As you can see in this graph of my Twitter follower count, I was ticking along with several thousands of followers for years, but never really getting anywhere… that is, until I really amped up my efforts around April 2014.
Since then, I’ve seen almost hockey stick-like growth and have gone from about 10,000 Twitter followers to more than 76,000.
Followers have to be engaged in your content and actively viewing and clicking on your tweets for the number to be meaningful. In the first three months of 2014, my tweets earned about 1.5 million impressions. In the same 90 days this year, from January 1 to March 31:
That’s about 180,000 impressions per day, which is more than 10 times the exposure my tweets were earning just one year ago!
In just the last three months, my tweets have earned:
- 25.3K Retweets
- 27.8 Favorites
- 173.4 Link Clicks, many to my website and my own content elsewhere on the web!
Crazy, right? Twitter is a huge driver of qualified traffic to my site, thanks in large part to these four super actionable Twitter hacks.
Twitter Marketing Hack #1: Use analytics to identify your top performing tweets, then tweet more of what works.
International Conversion Day took place April 9 and presented a great opportunity for me to get in front of people interested in something relevant to my business.
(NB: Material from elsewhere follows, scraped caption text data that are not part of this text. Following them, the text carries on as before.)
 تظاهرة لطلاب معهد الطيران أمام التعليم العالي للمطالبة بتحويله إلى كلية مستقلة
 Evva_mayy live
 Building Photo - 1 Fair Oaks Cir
Whatever your business or industry, you’re going to find these relevant occasions to tap into.
One thing I do regularly is test different variations of basically the same message to see what resonates. This first tweet had a measly dozen link clicks, and had an overall engagement rate of less than 1 percent:
Boooooring. Obviously my audience thought so, too.
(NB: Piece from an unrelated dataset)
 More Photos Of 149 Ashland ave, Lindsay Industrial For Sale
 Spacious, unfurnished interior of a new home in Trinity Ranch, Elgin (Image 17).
So I tried again, with this one:
Now this tweet was a winner. It earned 307 link clicks (5% engagement rate) saying the same thing and pointing to the same webpage, yet it generated 25 times more clicks!
Using Twitter Analytics allows you to look beyond the retweets and favorites to impressions and engagement rate. It helps you understand what sucked and what you need to do differently next time. This is a huge timesaver for me, because I can see instantly which tweets are worth rescheduling and just scrap the losers.
Twitter Marketing Hack #2: Learn from those winners and make more of them.
Sure, you can reschedule your winners on Twitter, but you can also use Twitter Analytics to drive your content strategy elsewhere, as well.
Testing topic ideas is tough if you’re doing it with full-length blog posts; it takes a lot of time and effort to create each one. Ensure that more of your blog posts and articles are winners by testing topics out on Twitter, first.
See which ideas and angles resonate with your audience by measuring engagement with specific tweets. For example, I decided to write this silly column on Inc.com after tweeting about the infographic:
People loved it! The article was shared 2.3k times across social channels, which is 3x more than the average article on Inc.com. But then, I had vastly increased the chances of that happening by writing about something I already knew my audience liked.
People tend to spend most of their time writing and then try to figure out how to promote it. Spend more time using analytics to see what your audience responds to, then write only about the winners. Generally, I’m looking for high single or even double-digit engagement rates in Twitter Analytics to tell me a topic idea is a winner.
Twitter Marketing Hack #3: Focus on online areas of impact.
Twitter tells you a great many useful things about your audience. For example, I can see that my followers are overwhelmingly interested in technology, marketing, entrepreneurship, leadership, and advertising.
I can also see that 25 percent of my followers also follow the Inc.com Twitter account. In the spirit of focusing on the activities that have the greatest impact, I started writing columns for Inc.com in January of this year, focusing on those topics my audience find most interesting.
This laser focus has a huge impact – you’re essentially just using Twitter Analytics to give people more of what they want, more often:
In just the first three months of this year using this tactic, I more than doubled my Twitter following!
Twitter Marketing Hack #4: Cut the crap.
Remember, always, that quality is key. If quality didn’t matter, you could go use one of those sketchy followback services to just buy yourself a few million Twitter followers. But if you’re using Twitter as part of your online marketing strategy, you need to attract the right types of people and keep them engaged.
What you want to see is that your impressions are increasing over time, but without dropping your engagement rates.
You need to tweet more, but also tweet better.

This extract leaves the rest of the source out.